Caption-style text data
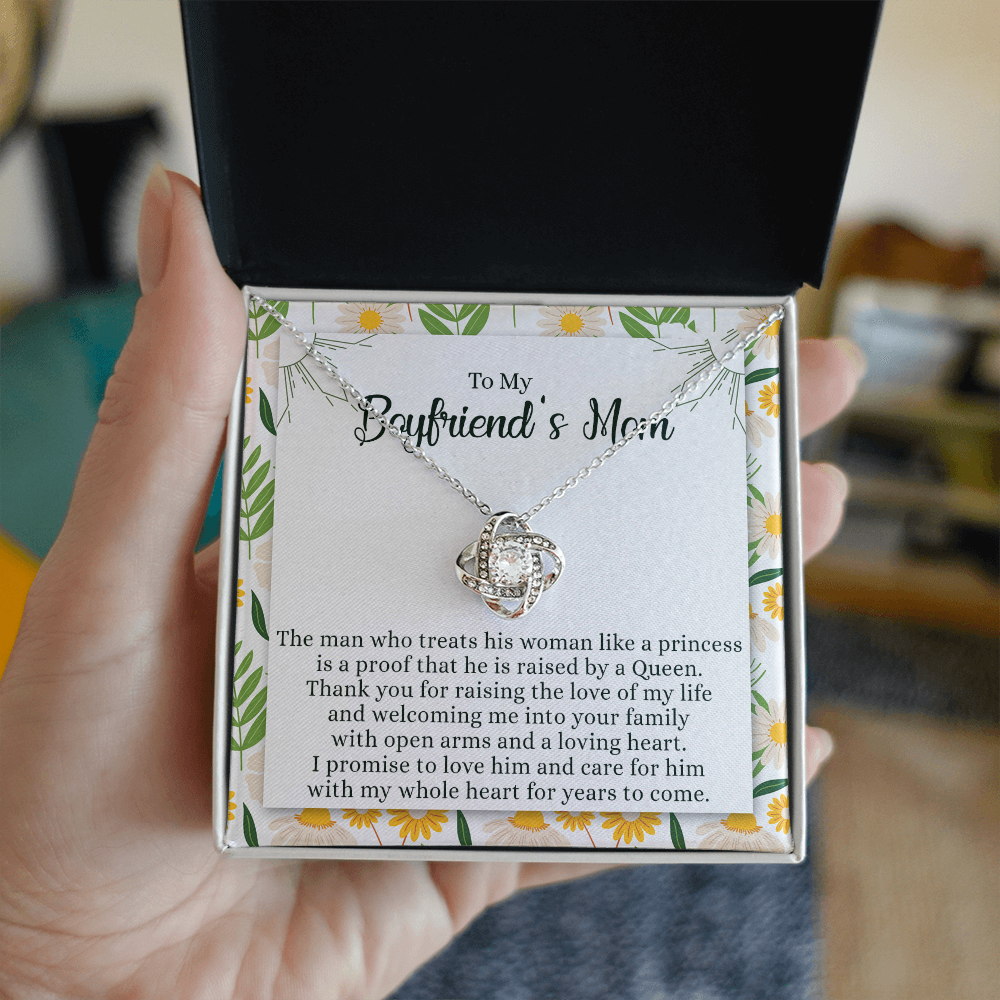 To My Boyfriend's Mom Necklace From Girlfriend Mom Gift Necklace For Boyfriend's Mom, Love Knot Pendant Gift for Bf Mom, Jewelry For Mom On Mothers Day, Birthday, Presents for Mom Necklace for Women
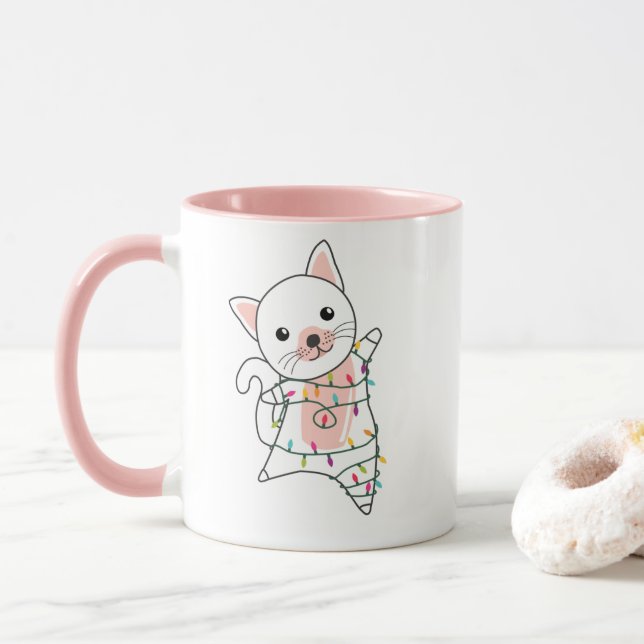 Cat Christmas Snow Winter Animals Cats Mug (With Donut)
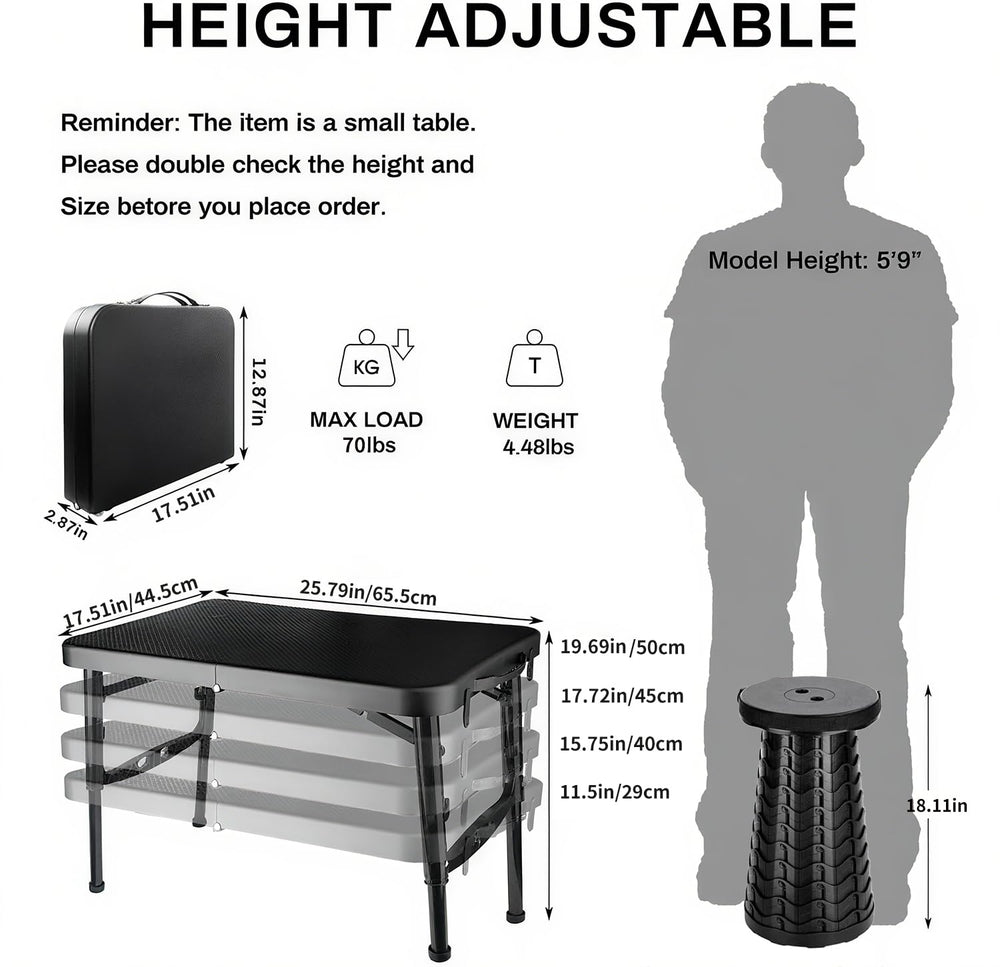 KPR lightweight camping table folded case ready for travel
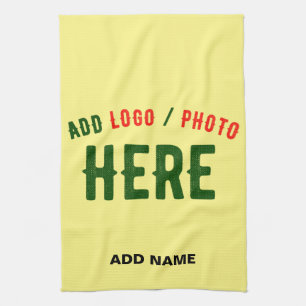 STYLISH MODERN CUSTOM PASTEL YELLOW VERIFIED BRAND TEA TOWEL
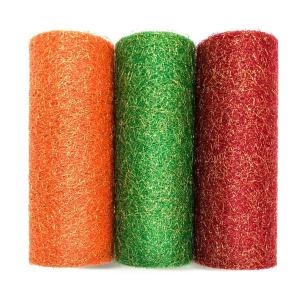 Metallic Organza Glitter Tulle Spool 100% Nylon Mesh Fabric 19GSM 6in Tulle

==

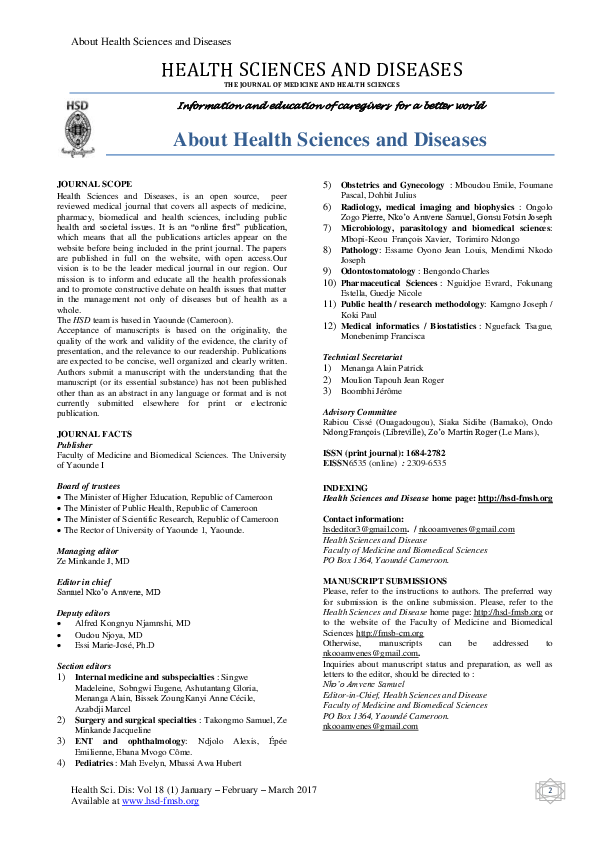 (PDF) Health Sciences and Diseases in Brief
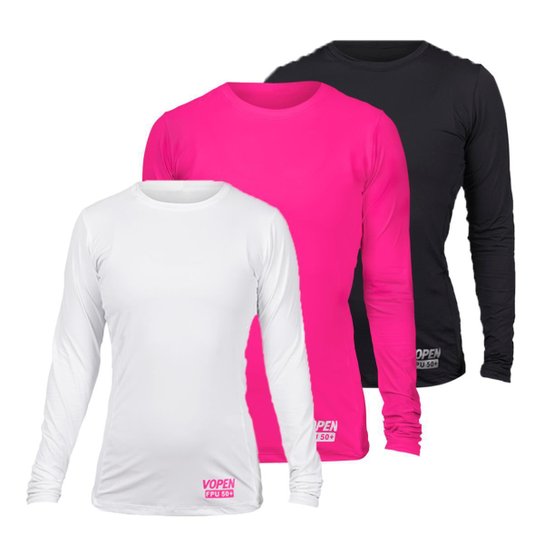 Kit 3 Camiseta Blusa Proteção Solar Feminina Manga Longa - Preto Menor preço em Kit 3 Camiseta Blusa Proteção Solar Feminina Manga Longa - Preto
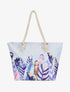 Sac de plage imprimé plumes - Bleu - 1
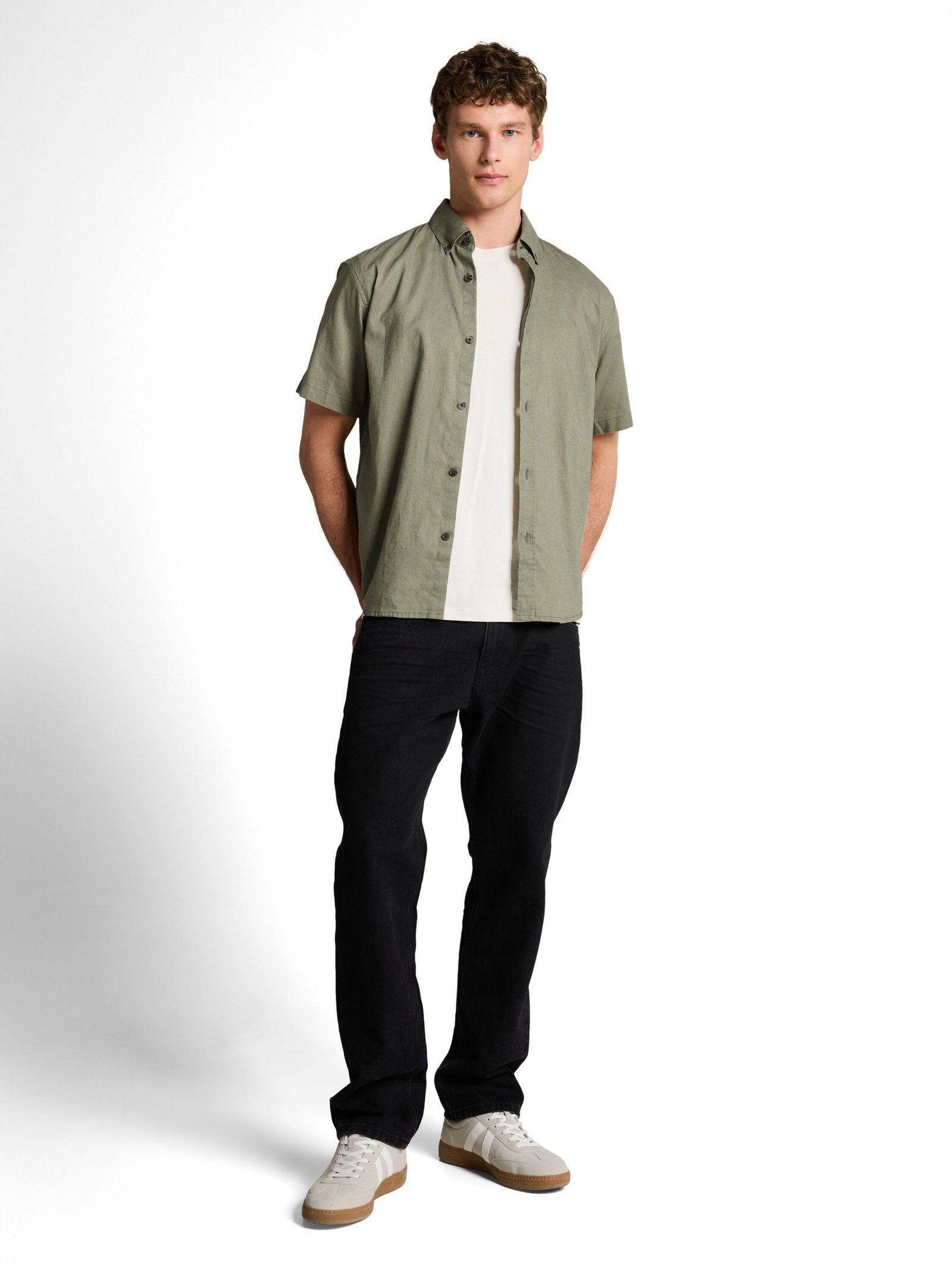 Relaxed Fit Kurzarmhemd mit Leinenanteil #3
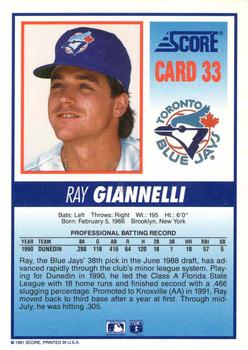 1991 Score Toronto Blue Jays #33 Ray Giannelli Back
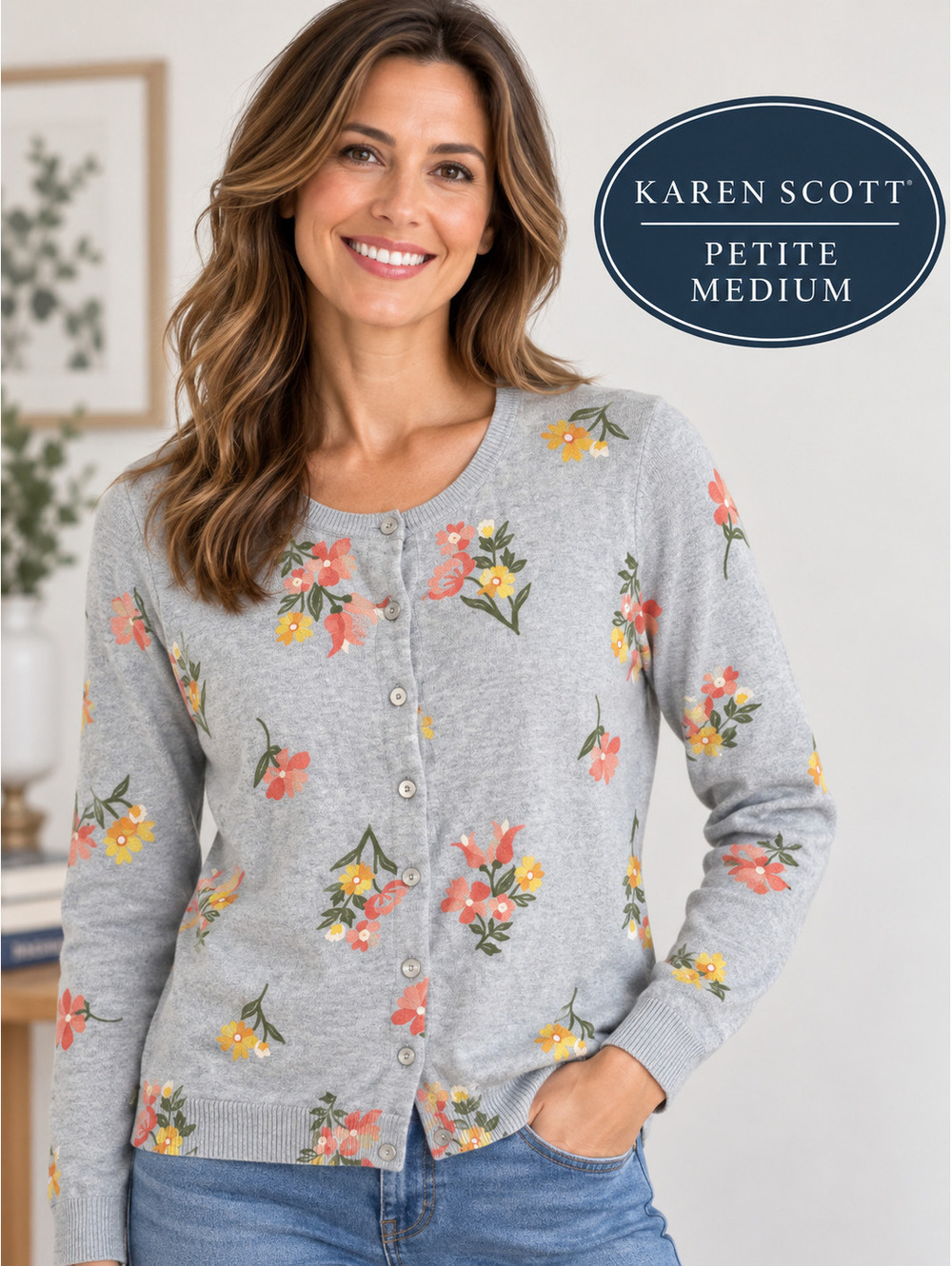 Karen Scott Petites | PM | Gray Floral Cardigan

The problem
An exact copy is needed. It runs from the line above containing "To My Boyfriend's" down to the line containing "STYLISH MODERN CUSTOM", both included, with no pictures.

Problem solution
 To My Boyfriend's Mom Necklace From Girlfriend Mom Gift Necklace For Boyfriend's Mom, Love Knot Pendant Gift for Bf Mom, Jewelry For Mom On Mothers Day, Birthday, Presents for Mom Necklace for Women
 Cat Christmas Snow Winter Animals Cats Mug (With Donut)
 KPR lightweight camping table folded case ready for travel
 STYLISH MODERN CUSTOM PASTEL YELLOW VERIFIED BRAND TEA TOWEL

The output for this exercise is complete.